The basic form for the BMW M3 Concept Car is a derivative of the new BMW 3 Series Coupé. The few components adopted directly from the series model are the headlamps and taillamps and, as the only body elements, the two doors and the luggage compartment lid. In all other respects, the BMW M3 Concept Car, which is being presented in the Chrome Shadow finish characteristic of BMW M GmbH concept studies, is obviously an individualistic and athletic vehicle with technology at the focus of its engineering. Individualistic body concept with emotional aesthetics.

In keeping with tradition, the engineers at BMW M GmbH developed the BMW M3 Concept Car as a fundamentally individualistic vehicle. The level of commitment to this approach is clearly demonstrated by its body. While it is based on the dimensions and the underlying form of the BMW 3 Series Coupé, virtually all body elements have been newly developed and designed from the ground up. Apart from the supporting vehicle structure, only the doors and the luggage compartment lid were taken over from the series model.

All other components were specially engineered for the BMW M3 Concept Car, lending the vehicle exterior unique aesthetics that accentuate its superior power. Unmistakable features that make the BMW M3 Concept Car instantly recognisable are the special trim at the front and rear, the engine compartment lid with its bulging Powerdome and two air intakes, the lateral air slots in the front side walls, the side skirts and the exterior mirrors in a BMW M typical design.

Front with additional air intakes, engine compartment lid with Powerdome.

Faithful to the principle of "form follows function" in designing the body for the concept study, designers at BMW M GmbH used elements that not only visually emphasise the increased sportiness of the vehicle, but also serve a technical purpose. Conspicuous at the front are three large air intakes below the cooling grille that supply the engine with additional intake and cooling air. Strong, vertical struts delineate the air intakes and enhance their characteristic form.

The aluminium engine compartment lid exhibits a wide bulging curvature known as the Powerdome. Like the air intakes beside it, the Powerdome suggests the great potential that can be expected of a powerplant in the engine bay of a BMW M3. The M3 Concept Car features a high revving V8 engine that is anticipated for the series car once it goes into production.

The contours of the Powerdome and air intakes are in line with the forward-pointing sweep of the engine compartment lid and harmoniously blend into the overall design of the front, which is longer than that of the BMW 3 Series Coupé.

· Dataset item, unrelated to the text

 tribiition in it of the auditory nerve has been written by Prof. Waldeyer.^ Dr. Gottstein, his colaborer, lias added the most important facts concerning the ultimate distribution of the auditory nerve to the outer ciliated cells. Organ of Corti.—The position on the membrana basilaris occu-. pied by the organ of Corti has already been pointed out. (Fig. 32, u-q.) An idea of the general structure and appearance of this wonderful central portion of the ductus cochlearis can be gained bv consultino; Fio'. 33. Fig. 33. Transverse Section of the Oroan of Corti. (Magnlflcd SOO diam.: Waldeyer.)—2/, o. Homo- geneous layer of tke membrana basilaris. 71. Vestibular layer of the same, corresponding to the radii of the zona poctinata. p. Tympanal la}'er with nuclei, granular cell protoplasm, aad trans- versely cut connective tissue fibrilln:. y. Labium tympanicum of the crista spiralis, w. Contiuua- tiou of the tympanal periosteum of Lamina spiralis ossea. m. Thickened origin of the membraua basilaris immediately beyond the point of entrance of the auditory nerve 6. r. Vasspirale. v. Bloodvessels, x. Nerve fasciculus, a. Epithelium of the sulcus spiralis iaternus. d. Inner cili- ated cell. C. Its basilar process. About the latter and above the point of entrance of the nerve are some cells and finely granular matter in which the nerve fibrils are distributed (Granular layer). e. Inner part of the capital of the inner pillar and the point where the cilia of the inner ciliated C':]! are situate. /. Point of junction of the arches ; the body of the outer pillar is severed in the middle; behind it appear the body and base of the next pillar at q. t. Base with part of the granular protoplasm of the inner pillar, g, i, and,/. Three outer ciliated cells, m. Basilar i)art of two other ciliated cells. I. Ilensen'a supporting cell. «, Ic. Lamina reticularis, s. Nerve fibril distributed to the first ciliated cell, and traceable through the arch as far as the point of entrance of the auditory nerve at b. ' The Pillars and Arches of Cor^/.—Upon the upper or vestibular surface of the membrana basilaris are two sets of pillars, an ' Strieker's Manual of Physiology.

Together with the double kidney grille typical of BMW and the flat headlamp units, they lend the BMW M3 Concept Car a highly dynamic character.

Wheel arches and side skirts communicate agility and stability. The muscular front wheel arches of the BMW M3 Concept Car symbolise the high level of agility and driving stability achieved by this vehicle.Together with the forged 19-inch light alloy rims in the classic Y-spoke design, they emphasise the vehicle's wide track, while a glance through the spokes of the rims reveals the compound high performance brakes developed exclusively for M vehicles.

The opening behind the wheel arch on the front side wall, which the designers refer to as gills, has an elaborate three-dimensional form that is split by a discreet chrome bracket containing the direction indicator and the M3 logo.

Two arched surfaces form the pronounced side skirt, creating a purposefully designed contrast between light and shadow. By giving the side wall a lower appearance, the side skirt lends the car a lighter, sportier look from this angle. The incidence of light on the likewise sharply defined rear wing and wheel stresses the dynamic character of this vehicle and visually highlights its rear-wheel drive.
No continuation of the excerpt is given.